Although the spirit and basic framework of the 1994 agreement remain, the revision is a wholesale rewrite designed to clarify and modernize the text, which includes more open procurement opportunities, easier accession for developing countries, and increased transparency. Parallel to negotiation of changes in the text, the parties expanded its scope by negotiating the addition of government entities and the removal or reduction of certain limitations on coverage. The WTO calculates that the expanded market access represents US$80 to US$100 billion in public purchases per year. An EU statement estimated the impact at about €100 billion (US$130 billion). Furthermore, some of the changes in the text are designed to encourage new states ― particularly developing countries ― to join, which will further expand the scope.
Expansion of GPA coverage
When a party joins the GPA, it negotiates the government entities that will be required to conduct procurements in accordance with the Agreement. These entities are listed in GPA Annexes. For example, the United States agreed that the Department of Homeland Security would be subject to the GPA, but excluded the Transportation Security Administration.

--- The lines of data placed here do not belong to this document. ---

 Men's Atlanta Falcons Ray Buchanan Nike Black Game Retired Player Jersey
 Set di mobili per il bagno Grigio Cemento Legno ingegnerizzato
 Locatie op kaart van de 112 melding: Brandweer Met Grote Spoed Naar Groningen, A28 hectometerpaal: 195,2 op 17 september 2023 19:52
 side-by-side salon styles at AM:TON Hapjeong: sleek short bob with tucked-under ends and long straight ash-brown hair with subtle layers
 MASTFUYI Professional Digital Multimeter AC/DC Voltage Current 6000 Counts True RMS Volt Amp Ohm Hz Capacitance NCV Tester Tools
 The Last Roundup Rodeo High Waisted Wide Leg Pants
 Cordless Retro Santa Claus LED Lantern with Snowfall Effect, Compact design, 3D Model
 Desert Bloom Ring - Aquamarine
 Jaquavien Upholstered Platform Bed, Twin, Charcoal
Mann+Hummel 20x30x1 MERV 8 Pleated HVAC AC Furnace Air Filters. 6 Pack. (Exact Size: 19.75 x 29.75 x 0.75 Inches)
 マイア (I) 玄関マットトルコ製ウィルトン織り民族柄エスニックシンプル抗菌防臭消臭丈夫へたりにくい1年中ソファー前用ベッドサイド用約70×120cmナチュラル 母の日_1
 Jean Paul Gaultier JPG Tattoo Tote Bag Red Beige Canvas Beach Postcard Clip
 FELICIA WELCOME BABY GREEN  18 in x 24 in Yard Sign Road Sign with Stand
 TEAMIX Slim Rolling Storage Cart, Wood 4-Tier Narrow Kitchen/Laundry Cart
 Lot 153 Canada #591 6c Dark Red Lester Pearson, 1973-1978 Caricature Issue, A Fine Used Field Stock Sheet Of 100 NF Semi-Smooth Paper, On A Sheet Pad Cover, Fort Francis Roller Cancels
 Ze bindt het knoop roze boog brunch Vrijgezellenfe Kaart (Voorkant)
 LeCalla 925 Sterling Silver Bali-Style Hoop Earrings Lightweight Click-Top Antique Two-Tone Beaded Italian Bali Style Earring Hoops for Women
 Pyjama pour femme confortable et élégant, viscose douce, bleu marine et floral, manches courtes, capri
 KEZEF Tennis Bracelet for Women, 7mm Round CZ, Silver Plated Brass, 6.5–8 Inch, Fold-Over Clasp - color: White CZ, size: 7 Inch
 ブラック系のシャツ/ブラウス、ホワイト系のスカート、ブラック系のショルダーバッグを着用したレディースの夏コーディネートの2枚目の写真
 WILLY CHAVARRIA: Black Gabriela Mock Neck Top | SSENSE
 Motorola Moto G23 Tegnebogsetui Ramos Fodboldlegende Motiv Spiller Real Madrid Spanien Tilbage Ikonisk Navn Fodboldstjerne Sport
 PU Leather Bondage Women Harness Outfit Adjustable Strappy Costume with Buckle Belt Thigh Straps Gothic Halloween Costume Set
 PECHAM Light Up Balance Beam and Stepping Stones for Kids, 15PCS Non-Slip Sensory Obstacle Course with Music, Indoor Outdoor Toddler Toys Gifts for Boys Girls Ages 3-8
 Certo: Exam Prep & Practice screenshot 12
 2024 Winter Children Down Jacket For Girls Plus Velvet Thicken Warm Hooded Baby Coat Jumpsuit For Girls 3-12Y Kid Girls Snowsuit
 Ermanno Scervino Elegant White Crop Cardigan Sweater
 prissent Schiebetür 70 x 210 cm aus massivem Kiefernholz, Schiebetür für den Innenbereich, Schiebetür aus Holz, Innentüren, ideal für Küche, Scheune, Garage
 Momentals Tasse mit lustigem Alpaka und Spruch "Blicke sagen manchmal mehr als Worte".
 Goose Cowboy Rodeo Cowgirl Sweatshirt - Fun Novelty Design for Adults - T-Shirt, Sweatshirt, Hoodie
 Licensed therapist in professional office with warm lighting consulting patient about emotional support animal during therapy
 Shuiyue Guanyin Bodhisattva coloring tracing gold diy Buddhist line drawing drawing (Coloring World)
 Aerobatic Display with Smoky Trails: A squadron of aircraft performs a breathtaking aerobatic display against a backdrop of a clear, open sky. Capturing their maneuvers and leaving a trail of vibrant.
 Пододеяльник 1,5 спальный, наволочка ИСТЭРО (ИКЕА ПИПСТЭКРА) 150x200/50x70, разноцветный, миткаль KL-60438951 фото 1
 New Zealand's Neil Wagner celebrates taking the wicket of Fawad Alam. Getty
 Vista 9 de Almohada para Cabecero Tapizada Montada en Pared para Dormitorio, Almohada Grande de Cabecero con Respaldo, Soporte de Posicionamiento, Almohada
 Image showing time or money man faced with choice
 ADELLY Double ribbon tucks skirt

- The revised GPA will give companies in member states, including the United States and all EU states, access to more than 150 additional central government entities in the European Union. Previously excluded central government entities in several non-EU states have also been added.
- Coverage of sub-central governments is another major area of expansion. Most notably, Canadian provinces are now covered for the first time. Since 2010, U.S. companies have had access to provincial procurements under a bilateral agreement that also expanded Canadian access to projects funded by the American Recovery and Reinvestment Act. Canada’s GPA concession now expands guaranteed access to about 50 additional countries. Japan, Korea, and Israel have also added sub-central agencies to their coverage. No additions were made to U.S. sub-central coverage, which already included 37 states.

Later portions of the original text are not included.